Tech Bitch

GMX (Global Mail Exchange) is a major branch of United Internet AG, a stock-listed company in Germany in e-mail service provide. To be honest, I’d never heard of the company until I saw a double-page colour ad in a popular computer magazine touting ‘The Ultimate Choice for Webmail’. So I thought I’d explore…

GMX was founded in 1997. In Europe, GMX offers a free Web mail service called ‘GMX FreeMail’, which currently has about 10,000,000 active users in Germany, Austria and Switzerland, according to the company. That’s no small number! In November 2007, GMX launched an English language service called ‘GMX Mail’ (reviewed here) with its own data centre in the U.S. and a different range of features than in the German language version. Like the European version, the English version remains completely free of charge.

GMX provides solutions for home users, as well as small and mid-size companies. Because GMX Mail is Web-based, it’s accessible from any computer connected to the Internet (just like Hotmail, Gmail, Yahoo! Mail and others). More importantly, its features and convenience rival those of traditional client-based software that require installation on your computer - and it’s completely free! Of course, without an Internet connection you won’t be able to read, send or receive any messages - unlike offline mail clients such as Outlook which download all messages onto your computer.

GMX Mail offers a number of time-saving mail management tools. It’s also really pretty (looks a lot like MSN Live Hotmail,), and the interface is simple and uncluttered (are you listening Google?). A focus of the new service is security - the company claims that it draws on many years of e-mail expertise and offers sophisticated spam and virus protection for up to 98% fewer spam e-mails.
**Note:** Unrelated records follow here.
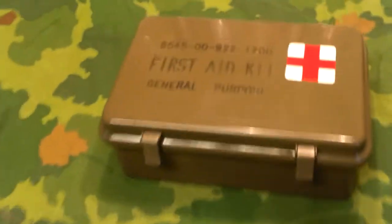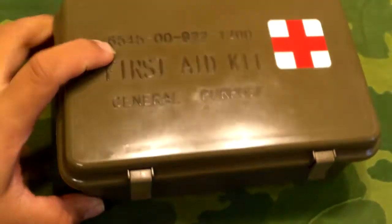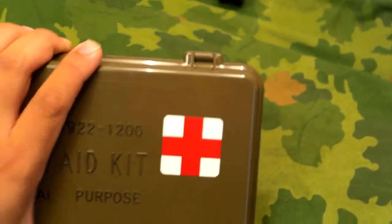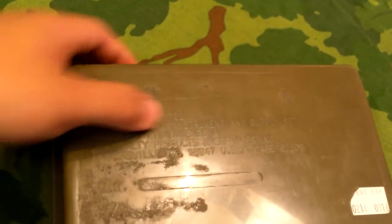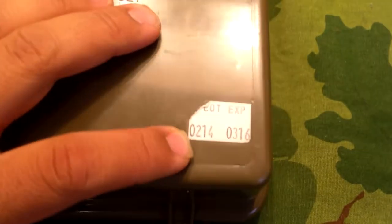Here is the next kit I have for review. This is the first aid kit, general purpose. It's got the national stock number, says what it is, and has the universal red cross symbol for medical or first aid. On the bottom it has the national stock number again and it says: case medical instruments and supply set, plastic rigid, size A, Specialty Products and Services Incorporated, Pipersville PA, with their zip code and cage number.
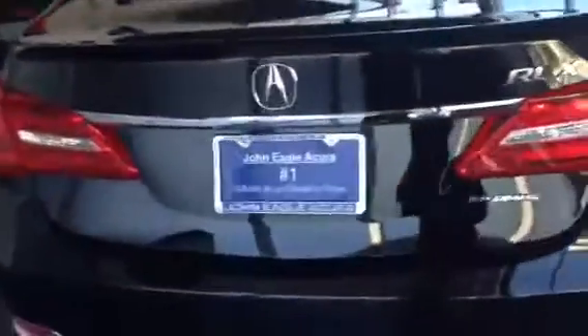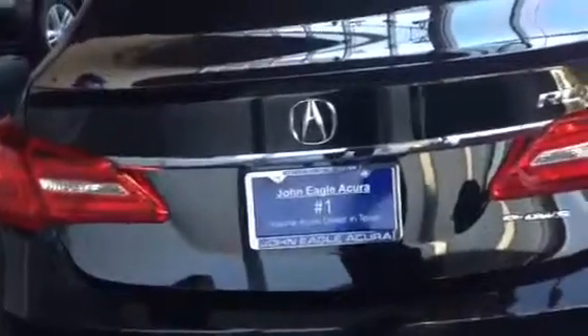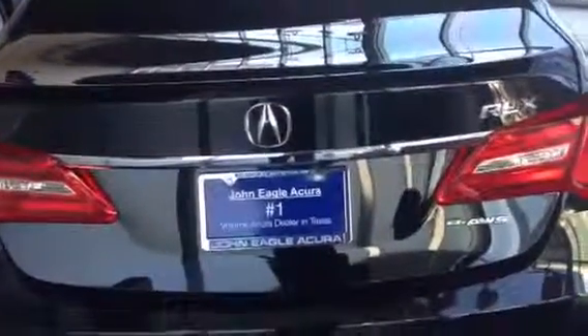Again, this is Jamar with John Ego Acura. Give me a call at 281-589-0600 or come on by.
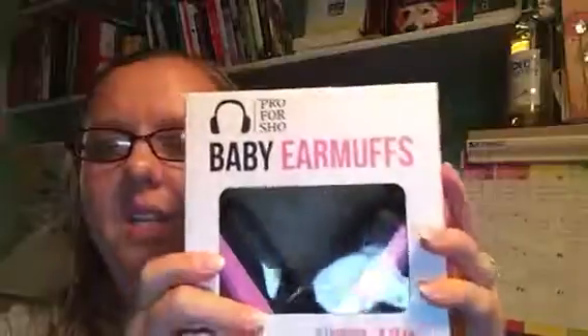It looks like they're designed in the USA and made in Taiwan. Five stars. I love that they come in two different colors — I think we're going to pick up a pair for my son and leave the pink ones for my daughter, although my son looks cute in pink too.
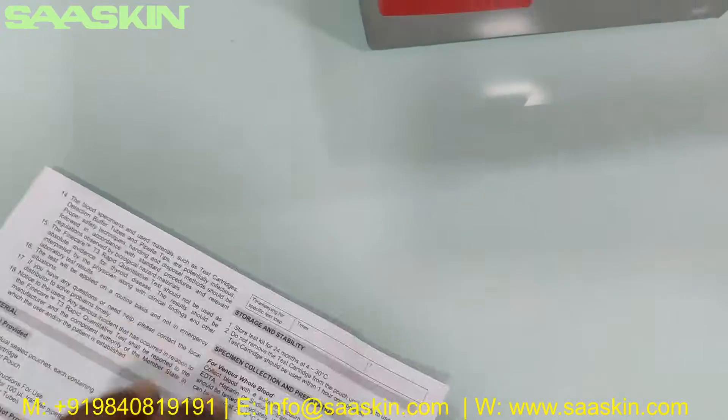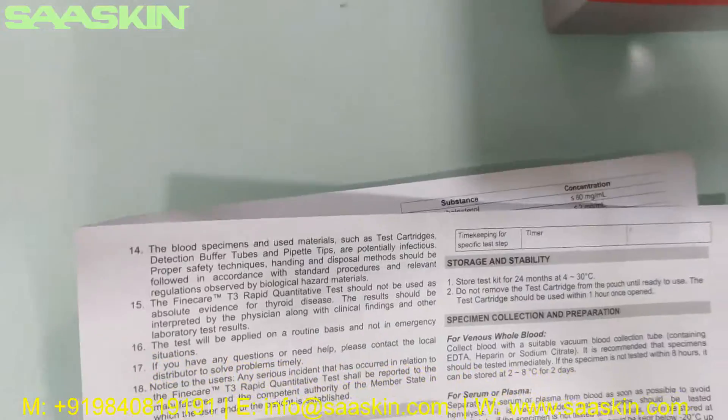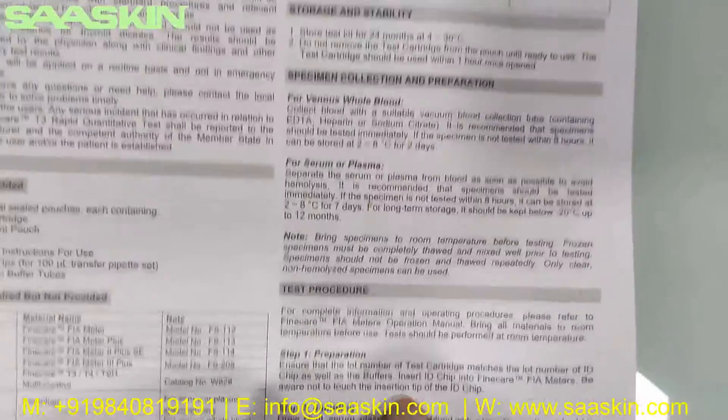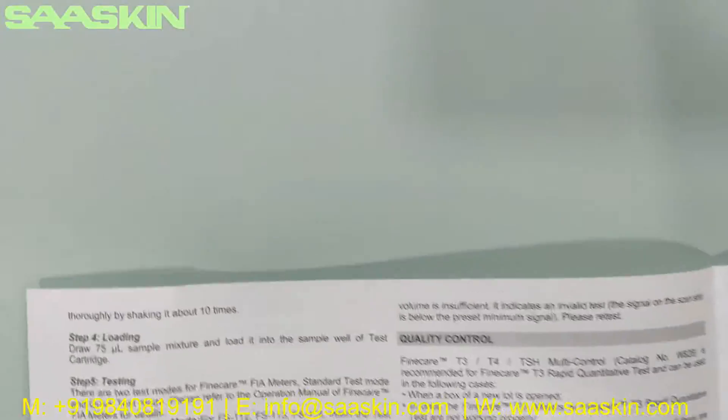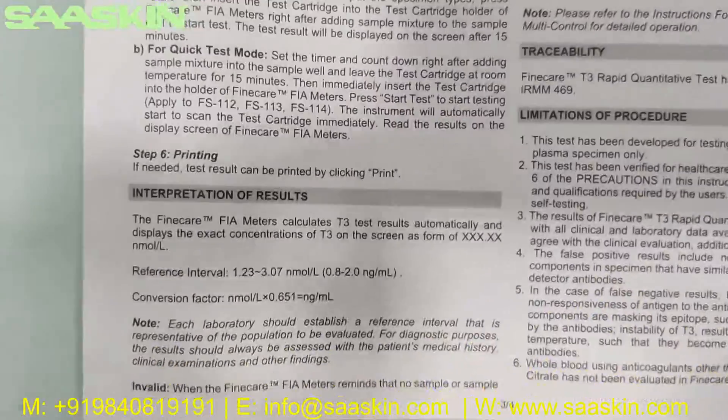This is the IFU brochure, or instructions for use, which has the complete details — including test procedures, storage, how to collect specimens, limitations of the test, and how to interpret your results. So you have the complete details to conduct the test.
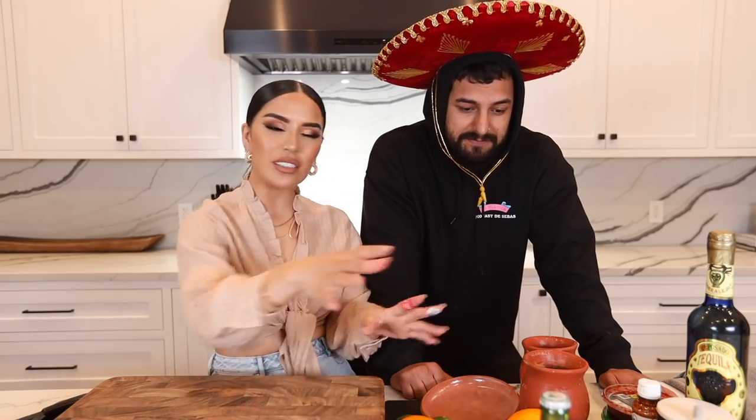Blanco is white tequila which has not been aged more than three months — usually clear with the purest flavor. Reposado is 'rested' — the tequila is spent almost two months aging in an oak barrel. That's the difference. I think blanco tastes a little better with this kind of drink. I'll have a shot of reposado or añejo, but because we're using all the fruits and the squirt, I want a white tequila.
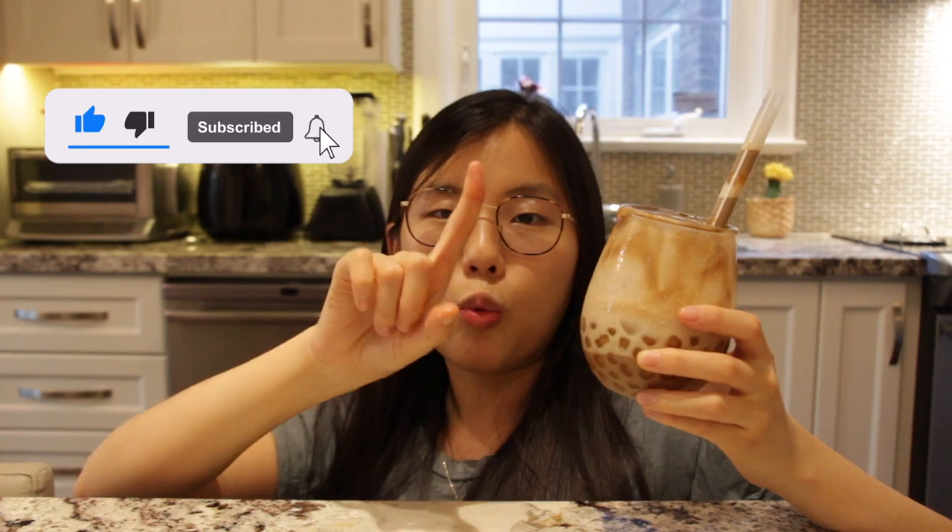If you liked this video, please give it a thumbs up and subscribe to my YouTube channel. I post once a week and I'll see you guys next time!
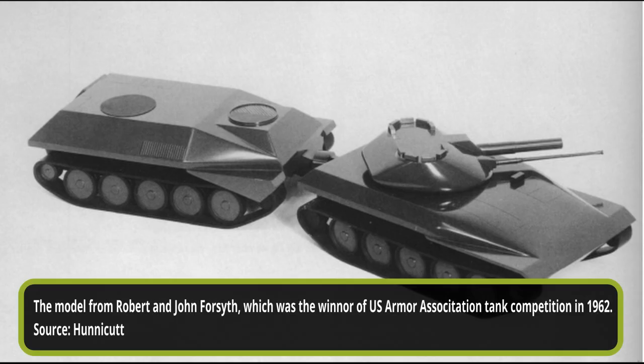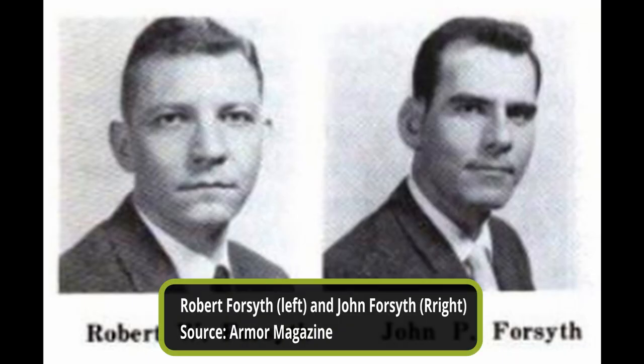Welcome to a new Tank Encyclopedia voiced article, covering a very little-known American Cold War light tank. Before we continue, we would like to especially thank all of our patrons who make our work possible, and especially Gustavo Sanchez, for his generous donations. The first thing to address in looking at this design are the designers, John and Robert Forsyth.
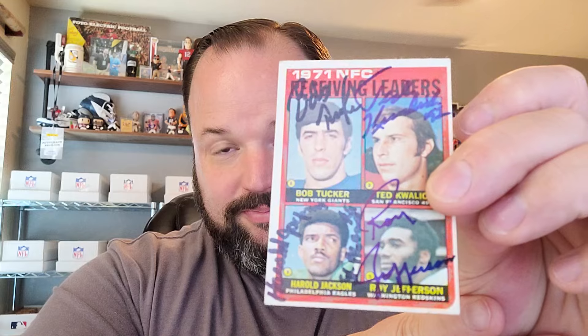This one was sent off to Harold Carmichael. I've got him a couple times lately, but he finished off this quad auto. If you haven't done a multi-signature piece, I'd highly suggest this one. It's super easy and it's really fun. I think all of them signed for free except for Harold Jackson, which he's like 10 bucks. So you can get all of these signed for $10.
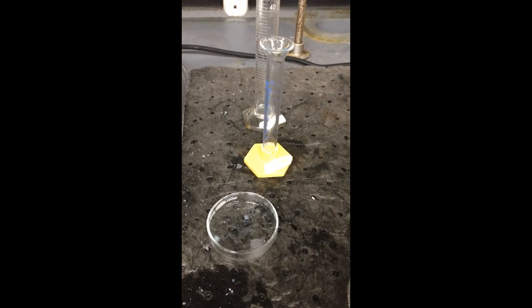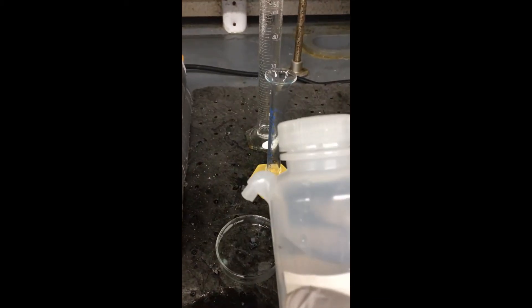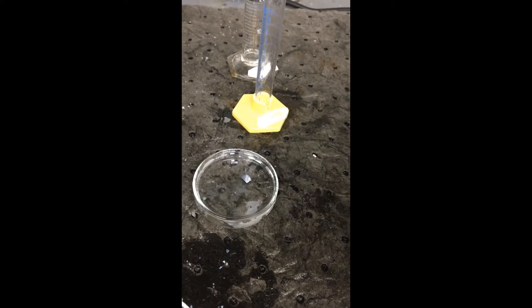Now that I have removed my wafers and placed them in this glass petri dish, I'm going to take some DI deionized water and wash them off to get some of the acid off.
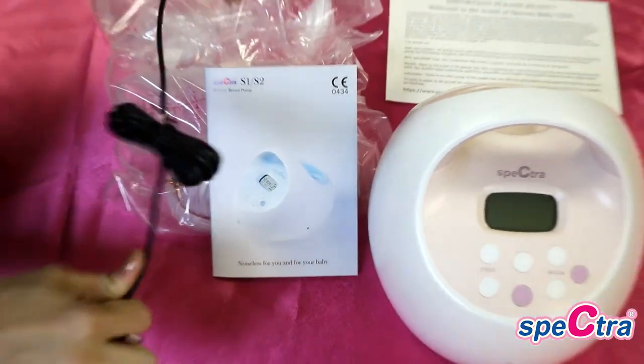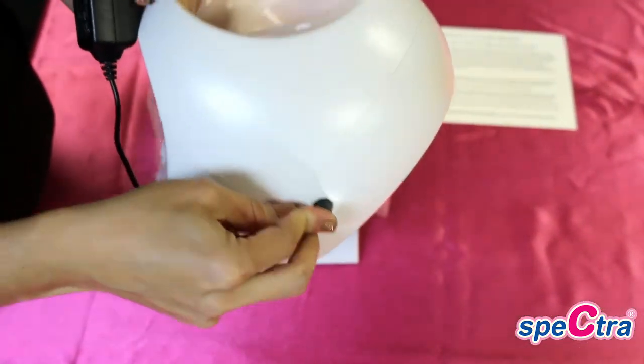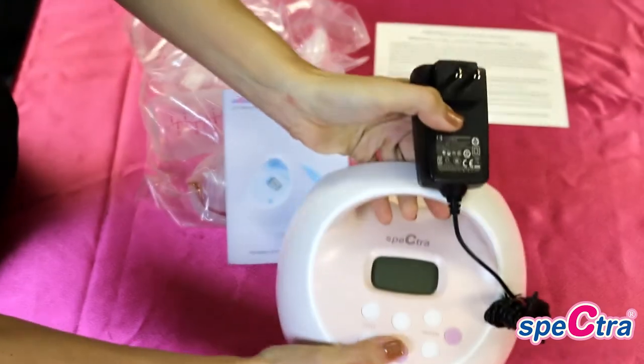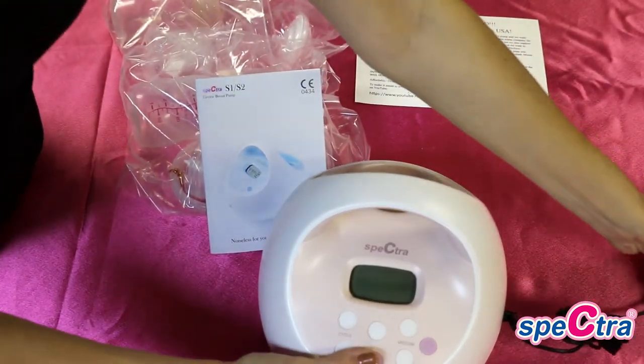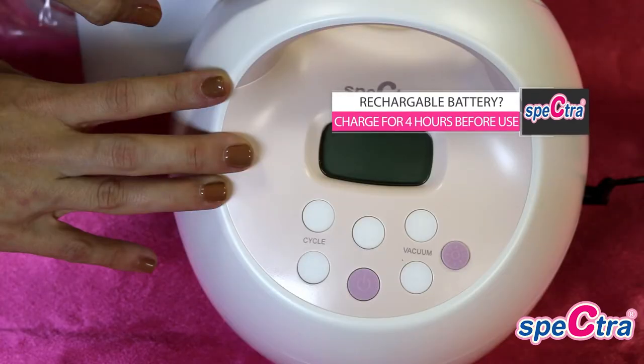You will then want to attach the power cord by pressing firmly until you hear a click. Then you'll plug the pump into a working outlet and press the on button.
GMX’s virus protection is based on McAfee and Symantec scan engines, helping to locate viruses, worms, and Trojans - even in compressed file formats. GMX mailboxes are protected from spam with seven anti-spam modules, resulting in a good clearout of junk mail. Also important is uptime - GMX guarantees optimum performance with data centres located in Europe and the U.S. I’ve only been using the service for a few days so can’t really vouch for spam credentials, but in that short space of time I’ve had very little junk delivered - much less than Gmail in fact.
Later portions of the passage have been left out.